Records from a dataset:
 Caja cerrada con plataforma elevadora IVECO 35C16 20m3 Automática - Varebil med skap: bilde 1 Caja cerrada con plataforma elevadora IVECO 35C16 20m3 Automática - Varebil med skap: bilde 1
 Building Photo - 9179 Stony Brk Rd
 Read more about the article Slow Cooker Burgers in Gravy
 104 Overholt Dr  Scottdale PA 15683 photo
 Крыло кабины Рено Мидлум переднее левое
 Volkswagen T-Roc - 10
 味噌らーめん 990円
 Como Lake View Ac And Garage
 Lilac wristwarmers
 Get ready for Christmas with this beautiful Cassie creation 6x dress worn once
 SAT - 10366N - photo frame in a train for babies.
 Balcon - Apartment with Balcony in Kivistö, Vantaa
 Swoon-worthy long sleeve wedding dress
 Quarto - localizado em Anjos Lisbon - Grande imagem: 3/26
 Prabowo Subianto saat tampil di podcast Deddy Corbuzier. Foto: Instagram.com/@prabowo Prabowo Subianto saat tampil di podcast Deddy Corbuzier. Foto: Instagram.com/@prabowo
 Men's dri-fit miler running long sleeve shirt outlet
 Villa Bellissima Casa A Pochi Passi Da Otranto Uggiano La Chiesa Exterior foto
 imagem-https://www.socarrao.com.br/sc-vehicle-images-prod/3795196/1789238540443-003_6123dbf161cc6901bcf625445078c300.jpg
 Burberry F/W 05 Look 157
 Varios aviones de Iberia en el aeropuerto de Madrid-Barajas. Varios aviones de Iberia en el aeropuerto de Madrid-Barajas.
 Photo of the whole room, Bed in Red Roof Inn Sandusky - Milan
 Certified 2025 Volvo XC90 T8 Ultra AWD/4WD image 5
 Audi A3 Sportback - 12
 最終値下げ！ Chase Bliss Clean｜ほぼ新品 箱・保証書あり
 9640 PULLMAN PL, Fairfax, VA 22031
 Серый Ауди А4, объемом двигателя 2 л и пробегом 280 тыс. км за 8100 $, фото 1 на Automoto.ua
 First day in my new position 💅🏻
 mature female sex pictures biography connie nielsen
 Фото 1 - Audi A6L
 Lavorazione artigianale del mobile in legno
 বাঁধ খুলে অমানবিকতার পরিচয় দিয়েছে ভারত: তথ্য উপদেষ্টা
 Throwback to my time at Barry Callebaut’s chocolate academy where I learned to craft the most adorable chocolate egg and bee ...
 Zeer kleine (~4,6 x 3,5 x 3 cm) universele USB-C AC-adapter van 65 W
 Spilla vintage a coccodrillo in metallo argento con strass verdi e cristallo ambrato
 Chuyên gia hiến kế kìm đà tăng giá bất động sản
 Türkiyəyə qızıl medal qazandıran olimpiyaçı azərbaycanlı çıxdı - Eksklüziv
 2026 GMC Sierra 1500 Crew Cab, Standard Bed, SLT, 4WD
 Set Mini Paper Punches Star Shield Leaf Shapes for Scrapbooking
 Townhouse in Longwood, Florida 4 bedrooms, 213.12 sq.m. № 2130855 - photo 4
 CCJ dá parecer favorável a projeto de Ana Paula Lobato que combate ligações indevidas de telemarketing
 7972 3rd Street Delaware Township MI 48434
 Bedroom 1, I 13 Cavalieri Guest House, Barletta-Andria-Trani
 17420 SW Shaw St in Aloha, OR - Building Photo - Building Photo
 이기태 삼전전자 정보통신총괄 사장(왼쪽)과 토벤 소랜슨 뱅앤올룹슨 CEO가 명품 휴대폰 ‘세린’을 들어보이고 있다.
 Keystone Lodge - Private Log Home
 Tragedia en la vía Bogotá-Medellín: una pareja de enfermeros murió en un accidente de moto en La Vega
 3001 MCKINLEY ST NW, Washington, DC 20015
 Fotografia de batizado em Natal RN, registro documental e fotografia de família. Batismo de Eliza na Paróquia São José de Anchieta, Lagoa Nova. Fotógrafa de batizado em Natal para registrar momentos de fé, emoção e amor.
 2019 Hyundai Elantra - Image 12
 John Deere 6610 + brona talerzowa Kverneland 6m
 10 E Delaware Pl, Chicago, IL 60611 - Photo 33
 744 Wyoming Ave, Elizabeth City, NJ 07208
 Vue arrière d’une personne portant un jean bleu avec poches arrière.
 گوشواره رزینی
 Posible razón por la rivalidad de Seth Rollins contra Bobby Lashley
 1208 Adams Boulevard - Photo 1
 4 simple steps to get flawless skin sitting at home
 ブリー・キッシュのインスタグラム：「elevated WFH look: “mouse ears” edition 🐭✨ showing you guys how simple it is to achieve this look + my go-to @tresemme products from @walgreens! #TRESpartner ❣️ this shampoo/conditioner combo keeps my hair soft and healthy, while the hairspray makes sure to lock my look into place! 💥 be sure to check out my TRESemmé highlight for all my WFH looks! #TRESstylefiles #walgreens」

> **DIRECTIONS FOR THIS TASK**
Print, without alteration, only the lines above between the one holding "Spilla vintage a" and the one holding "744 Wyoming Ave, Elizabeth City, NJ 07208", inclusive.

> **ANSWER AREA**
 Spilla vintage a coccodrillo in metallo argento con strass verdi e cristallo ambrato
 Chuyên gia hiến kế kìm đà tăng giá bất động sản
 Türkiyəyə qızıl medal qazandıran olimpiyaçı azərbaycanlı çıxdı - Eksklüziv
 2026 GMC Sierra 1500 Crew Cab, Standard Bed, SLT, 4WD
 Set Mini Paper Punches Star Shield Leaf Shapes for Scrapbooking
 Townhouse in Longwood, Florida 4 bedrooms, 213.12 sq.m. № 2130855 - photo 4
 CCJ dá parecer favorável a projeto de Ana Paula Lobato que combate ligações indevidas de telemarketing
 7972 3rd Street Delaware Township MI 48434
 Bedroom 1, I 13 Cavalieri Guest House, Barletta-Andria-Trani
 17420 SW Shaw St in Aloha, OR - Building Photo - Building Photo
 이기태 삼전전자 정보통신총괄 사장(왼쪽)과 토벤 소랜슨 뱅앤올룹슨 CEO가 명품 휴대폰 ‘세린’을 들어보이고 있다.
 Keystone Lodge - Private Log Home
 Tragedia en la vía Bogotá-Medellín: una pareja de enfermeros murió en un accidente de moto en La Vega
 3001 MCKINLEY ST NW, Washington, DC 20015
 Fotografia de batizado em Natal RN, registro documental e fotografia de família. Batismo de Eliza na Paróquia São José de Anchieta, Lagoa Nova. Fotógrafa de batizado em Natal para registrar momentos de fé, emoção e amor.
 2019 Hyundai Elantra - Image 12
 John Deere 6610 + brona talerzowa Kverneland 6m
 10 E Delaware Pl, Chicago, IL 60611 - Photo 33
 744 Wyoming Ave, Elizabeth City, NJ 07208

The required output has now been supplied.